| Your instructions |
Exactly as written, output the lines below starting from the first and ending with the line that contains "That is where"; omit pictures.

--- START ---

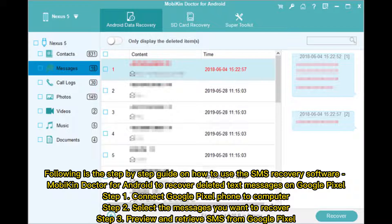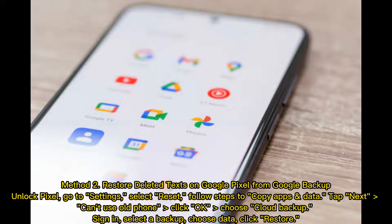Step 1: Connect Google Pixel phone to computer. Step 2: Select the messages you want to recover. Step 3: Preview and retrieve SMS from Google Pixel.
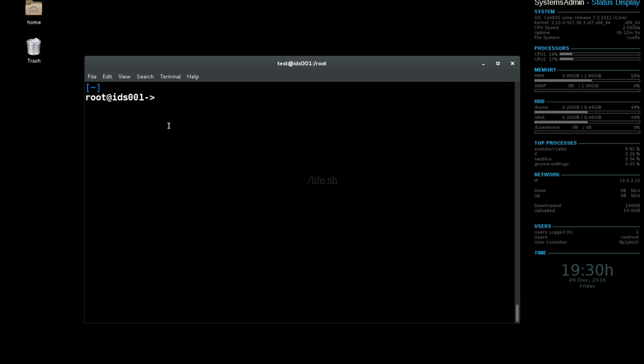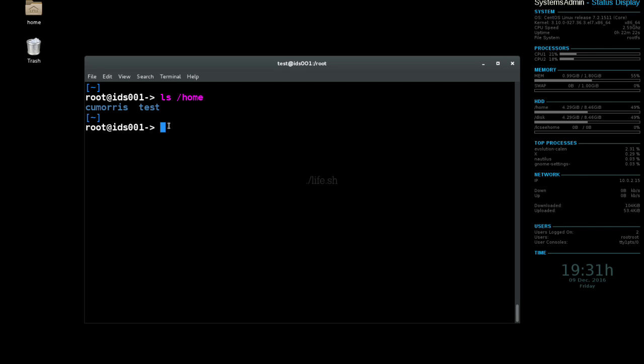Once you have that open, go ahead and do an ls /home. That's going to show you all the different home directories for the different users that are on your machine, provided those users were created with default settings. So in this case we have the cuMars user and the test user.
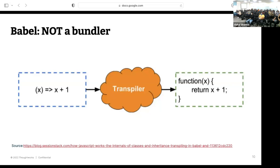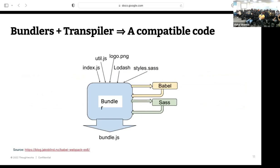That is where transpilers come in. Babel is not a bundler — you need Babel alongside your bundler to convert newer JavaScript features to older ones so the code is compatible with all browsers. Bundlers plus transpilers together give you browser-compatible code. Newer browser versions support modern features, but if you need to support older browsers, you need this combination. We'll go through demos showing how Babel is used with webpack.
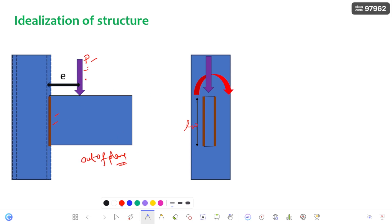Now whatever the load is acting at an eccentricity — I am adding the load P in the top and also in the bottom direction, similar to what I did in the bolted connection. These two P forces create a couple, that is a bending moment PE, and this P is going to create shear across the weld.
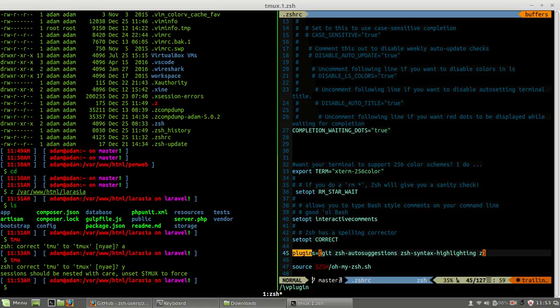Okay, I think this video also covered tmux. I will continue with another video. Thank you for watching and ciao.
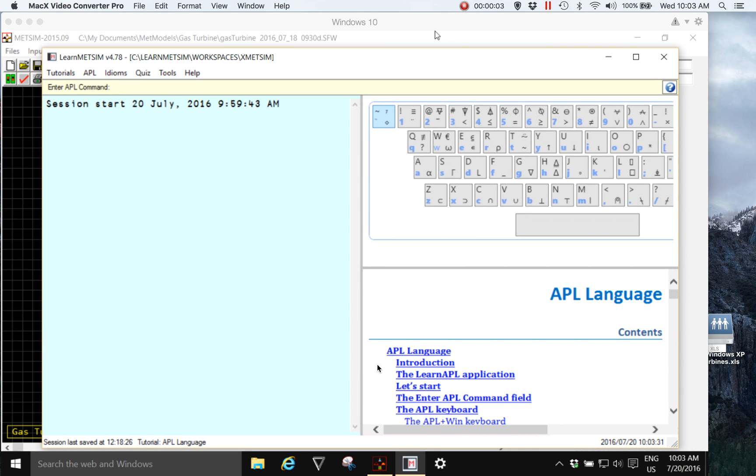Hi, I'm Jim Grouch of Metange Proprietary Limited and in this short video I want to show you how using Learn MedSim or Learn APL for MedSim makes learning to use APL in MedSim easy.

--- END ---

| Result of the task |
Step 1: Connect Google Pixel phone to computer. Step 2: Select the messages you want to recover. Step 3: Preview and retrieve SMS from Google Pixel.
Once you have that open, go ahead and do an ls /home. That's going to show you all the different home directories for the different users that are on your machine, provided those users were created with default settings. So in this case we have the cuMars user and the test user.
That is where transpilers come in. Babel is not a bundler — you need Babel alongside your bundler to convert newer JavaScript features to older ones so the code is compatible with all browsers. Bundlers plus transpilers together give you browser-compatible code. Newer browser versions support modern features, but if you need to support older browsers, you need this combination. We'll go through demos showing how Babel is used with webpack.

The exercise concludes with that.